# Task description:
No picture belongs in the copy. Repeat each line below exactly.

# Collected material:
□ □ □ □ □ □ □

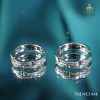 nhan-cuoi-kim-cuong-nhan-tao-moissanite-nc1414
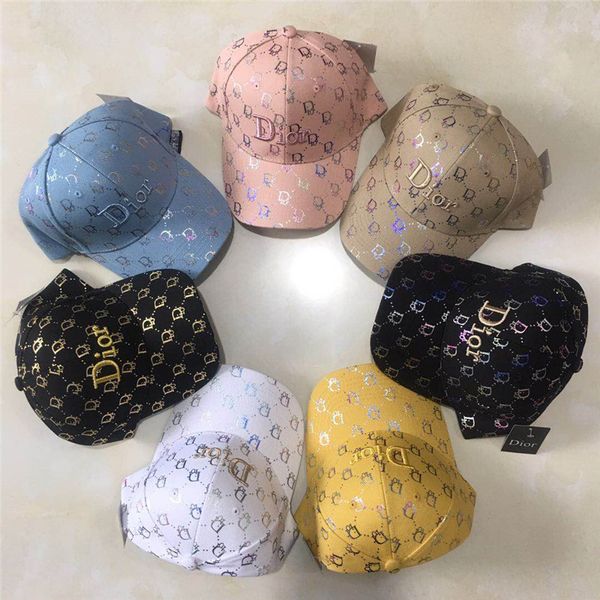 the new baseball cap xia men and women are full of large print logo cap letters foreign trade popular logo embroidered caps wholesale, Blue;gray
the new baseball cap xia men and women are full of large print logo cap letters foreign trade popular logo embroidered caps wholesale, Blue;gray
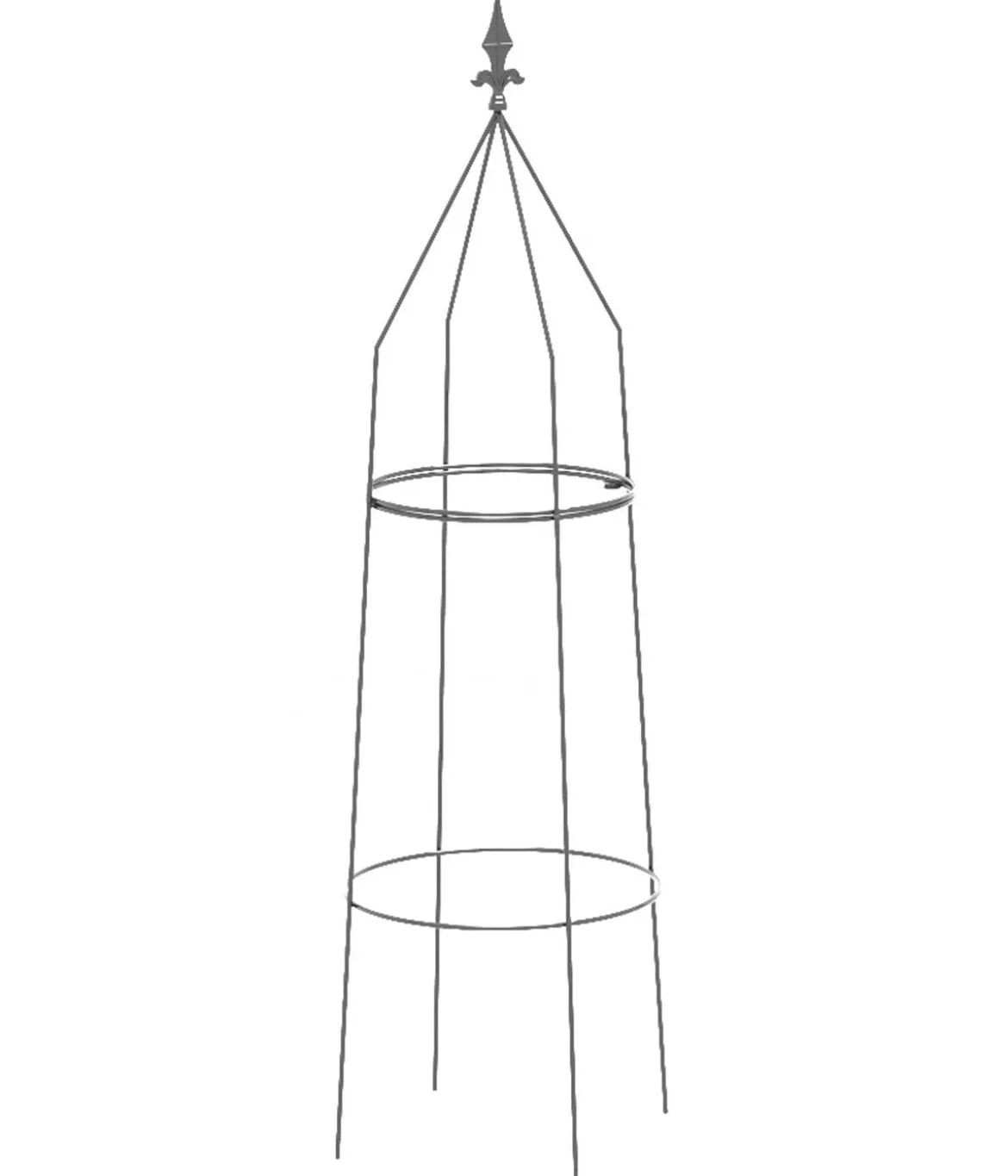 Dehner Obelisk Ilaria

□ □ □ □ □ □ □

# Output:
 nhan-cuoi-kim-cuong-nhan-tao-moissanite-nc1414
 the new baseball cap xia men and women are full of large print logo cap letters foreign trade popular logo embroidered caps wholesale, Blue;gray
the new baseball cap xia men and women are full of large print logo cap letters foreign trade popular logo embroidered caps wholesale, Blue;gray
 Dehner Obelisk Ilaria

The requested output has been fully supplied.